Search code examples
rggplot2cumsum

Ordering geom_col NOT by fill value


Please resist your instinct to jump at defining factors level. I am trying to make a bar plot with text annotations. I'm using geom_col with a y value aesthetic, and I'm using geom_text with a separate dataframe where the value has been converted into a cumulative sum. The order matters here, I want to plot based on the same order in which cumulative sum is calculated.

Example

library(ggplot2)
library(data.table)

example_df <- data.frame(gender = c('M', 'F', 'F', 'M'), month = c('1', '1', '2', '2'), 
           value = c(10, 20, 30, 40), name = c('Jack', 'Kate', 'Nassrin', 'Malik'))
setDT(example_df)
text_df <- example_df[, .(value=cumsum(value), name=name), by='month']

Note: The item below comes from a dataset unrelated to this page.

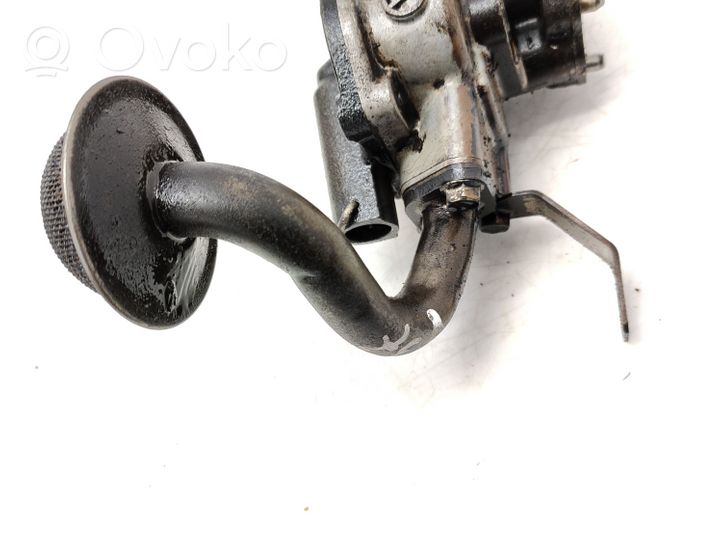 Mazda 929 Separatore dello sfiato dell’olio 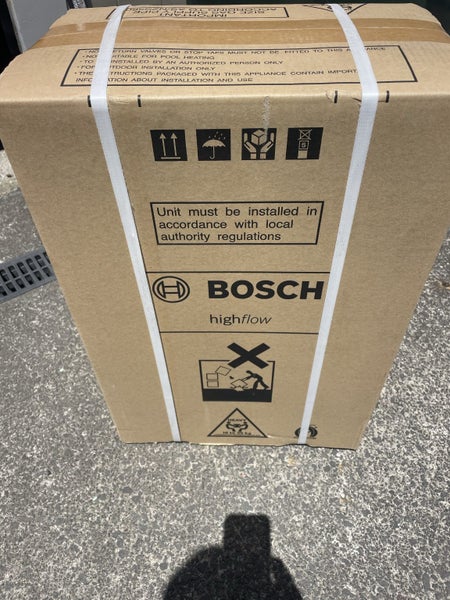 Lpg gas water heater Carousel 3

ggplot(example_df) + geom_col(aes(x=month, y=value, fill=gender)) +
  geom_text(data=text_df, aes(x=month, y=value, label=name), vjust=1)

example plot

If you can see here, the left side is exactly what I want. Jack is labeled at 10 over the M color, Kate labeled 20 above that over the F color. The right side though is wrong. Nassrin is labeled at 30, but over the M color that is of height 40. This is because geom_col by default orders by fill, which is converted to a factor in alphabetic order. What I want here is for the left plot to be ordered M, F but the right one F, M. Is this possible? Or is my best solution to reorder my cumulative sum (which would lead to a different plot than I intend).


Solution

  • Set group and fill separately. The order of stacking (i.e. the position) is controlled by group, and when you don't define that it gets set automatically (in this case the definition of fill is used). So:

    ggplot(example_df) + 
      geom_col(aes(x=month, y=value, group = fct_rev(fct_inorder(name)), fill = gender)) +
      geom_text(data=text_df, aes(x=month, y=value, label=name), vjust=1)
    

    enter image description here

    Note that we can also let ggplot do the cumulative sums for us. Then we can use just the original data.frame, simplifying your plot to:

    ggplot(example_df, aes(month, value, group = fct_rev(fct_inorder(name)),)) + 
      geom_col(aes(fill = gender)) +
      geom_text(aes(label = name), position = 'stack', vjust = 1)